Nagy was succeeded by Willi Moser on 1 November 1942.

On 26 January 1943, the Higher Command LXXI was renamed LXXI Army Corps, with Moser still in command.

In November 1944, the Armee Norwegen was dissolved and its tasks taken over by the 20th Mountain Army (Lothar Rendulic, Franz Böhme). The 230th Infantry Division was pulled away from the corps in November. Moser was succeeded as corps commander by Anton Reichard von Mauchenheim genannt Bechtolsheim on 15 December 1944. In December 1944, the 163rd Infantry Division and 210th Infantry Division were added to the corps, while the 270th Division was pulled away.

Starting in February 1945, the LXXI Army Corps was part of Army Detachment Narvik (Ferdinand Jodl), where it remained until the end of the war.
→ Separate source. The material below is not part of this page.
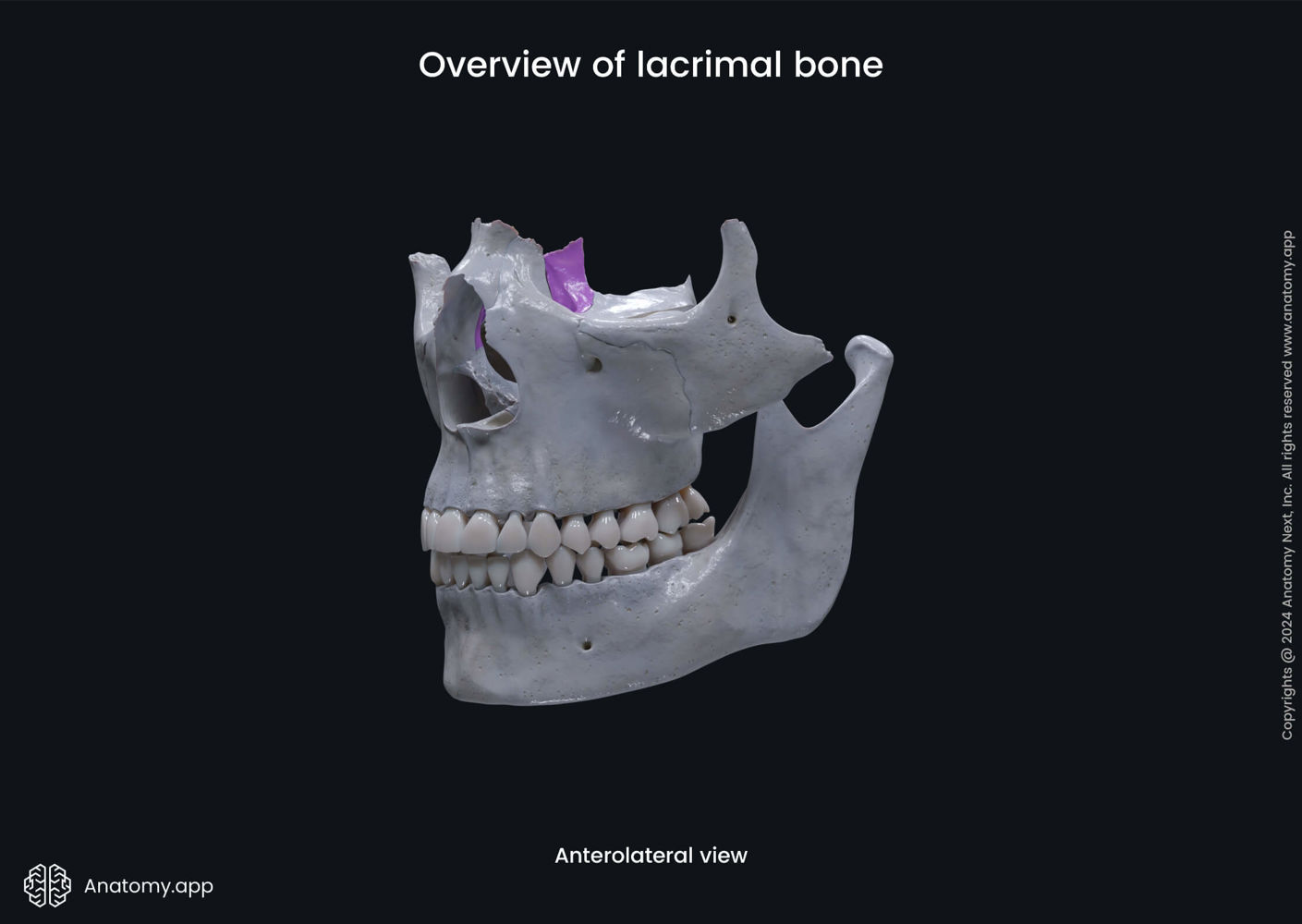 Overview Of Lacrimal Bone Media Library Anatomy App Learn Anatomy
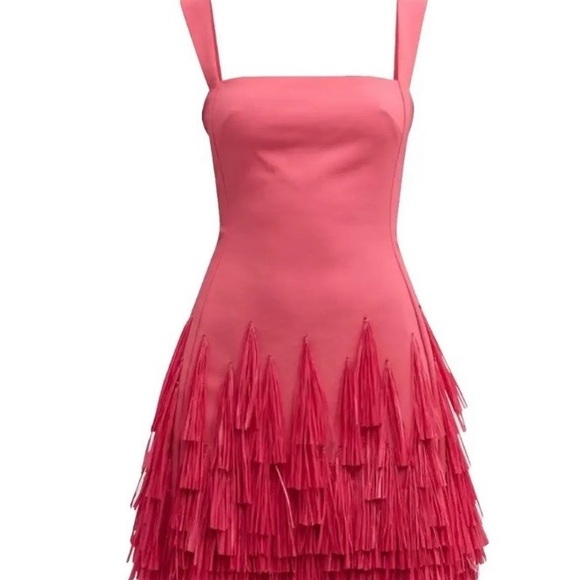 cult gaia Dresses & Skirts - Cult Gaia Pink Fringe Mini Dress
By February, the 163rd and 210th Divisions had been pulled away from the corps and the 7th Mountain Division had been added. The Division zbV 140 was added to the corps by 1 March.

On 12 April 1945, the last day for which military organizational charts are available, the corps consisted of the 140th, 210th and the 230th Divisions.

== Structure ==

| Year | Date | Commander | Subordinate units | Army | Army Group | Operational area |
| 1942 | 10 March | Emmerich Nagy | 199th Infantry, 702nd Infantry | Armee Norwegen | Directly under OKW | Northern Norway |
5 April
| 11 May | 199th Infantry, 230th Infantry, 270th Infantry, 702nd Infantry |
| 8 June | 199th Infantry, 230th Infantry, 270th Infantry |
4 July
5 August
2 September
8 October
| 5 November | Willi Moser |
1 December
| 1943 | 1 January |
3 February
4 March
9 April
1 May
1 June
7 July
5 August
5 September
4 October
8 November
3 December
| 1944 | January |
February
March
April
May
11 June
22 July
31 August
16 September
13 October
| 5 November | 20th Mountain Army |
| 26 November | 199th Infantry, 270th Infantry, Lofoten |
| 31 December | A. R. von Mauchenheim | 163rd Infantry, 199th Infantry (+ 503rd Grenadier Brigade), 210th Infantry (+ Lofoten) |
| 1945 | 19 February | 7th Mountain, 199th Infantry (+ 503rd Grenadier Brigade) |
| 1 March | 7th Mountain, 140th Infantry (+ 139th Mountaineer Brigade, + 503rd Grenadier Brigade), 210th Infantry (+ Lofoten) | Army Detachment Narvik (20th Mountain Army) |
| 12 April | 139th Mountaineer Brigade, 140th Infantry, 210th Infantry (+ Lofoten), 230th Infantry, 503rd Grenadier Brigade |

== Noteworthy individuals ==

- Emmerich Nagy, corps commander of Higher Command LXXI (15 March 1942 – 1 November 1942).
- Willi Moser, corps commander of Higher Command LXXI and LXXI Army Corps (1 November 1942 – 15 December 1944).
- Anton Reichard von Mauchenheim, corps commander of LXXI Army Corps (15 December 1944 – May 1945).